As with many other brewers, formulating a new hoppy beer often starts with a specific hop of interest. Once you can identify and qualify the character of that hop, you can start to build a beer around it, including a complementary hop blend to support it. The hot-side hops should support and complement the dry hops as well. Using the hop rubs and trial brews, we can identify the key flavor elements of the hop, and that sets us up for success.

For example, the soft stone-fruit, peachy character of Cashmere seems absolutely perfect for a mid-strength hazy IPA, and it’s become a key element of our Mind Haze IPA. When formulating this beer, I loved the idea of staying away from the ubiquitous Citra-dominated hazy theme and finding a new and unique path using Cashmere. Complementary hops such as Idaho 7 and El Dorado provided additional soft citrus and tropical notes, while Azacca delivered some distinctive pineapple, further supporting the tropical theme. Mandarina and Melon fit well with this group, reminiscent of POG juice (passion fruit, orange, guava). As with Easy Jack, a little Mosaic amplifies this combination perfectly without bringing in dank, catty, or mercaptan-like notes—elements which, for me, ruin a hazy IPA.

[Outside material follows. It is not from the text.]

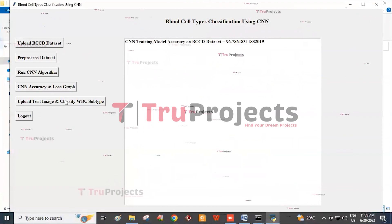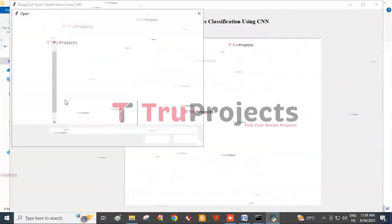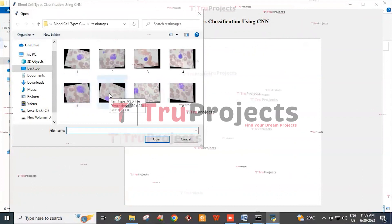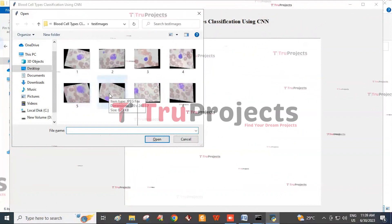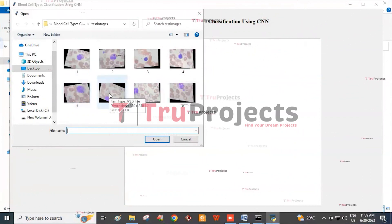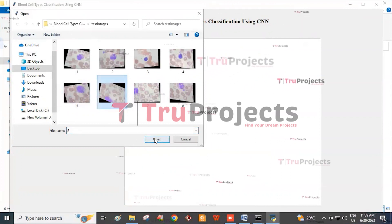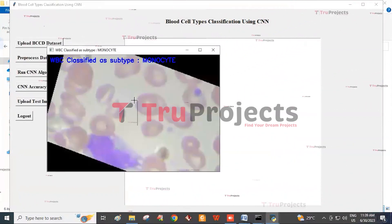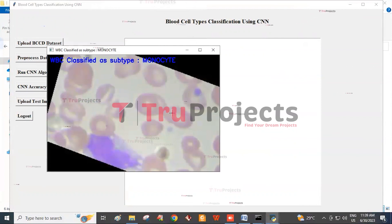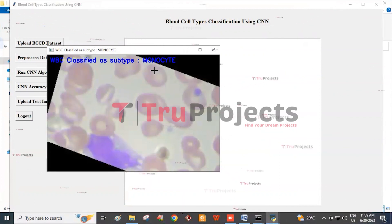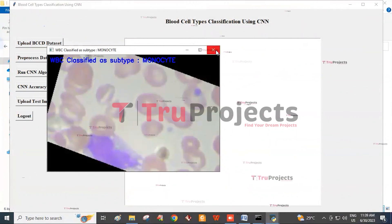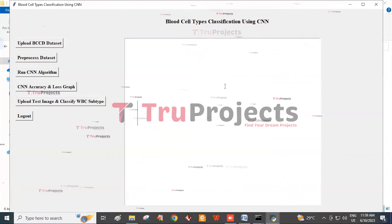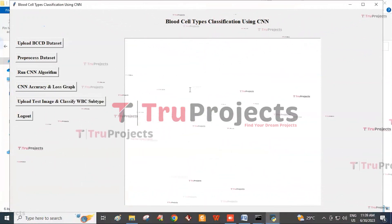Click on Upload Test Image and Classify WBC Subtype. Here a JPEG file is selected as the test image. In this screen, we can see that the uploaded image is classified as monocyte. In this way, users can upload other images and identify the WBC subtypes.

Adding hops on the hot side is still an important part of brewing balanced beers, in my opinion. So, looping back to the hot side for a moment, Callista has become a key hop in our late-boil and whirlpool program. It’s a low-alpha aroma cultivar (2–4 percent alpha acids on average) with a tropical passion fruit and peach-like aroma and a high amount of biotransformation-ready linalool—a perfect late-hopping package for a low IBU, aroma-forward hazy beer.

Blending hops, like anything in brewing, takes time and practice. A fair amount can be learned through rubbing and smelling hop samples, whether whole leaf at the time of selection or pellets just prior to brewing. Performing small-scale single-hop trials is the next most powerful tool. (Editor’s note: For more about trialing hop aroma and flavor, see “Learning Lab: Hop Flavors and Aromas,” beerandbrewing.com.) With practice, and once you have an aroma description lexicon developed for tracking your results, you’ll start recognizing complementary flavors along with workhorse amplifiers, guiding you to pick the hops that work best together.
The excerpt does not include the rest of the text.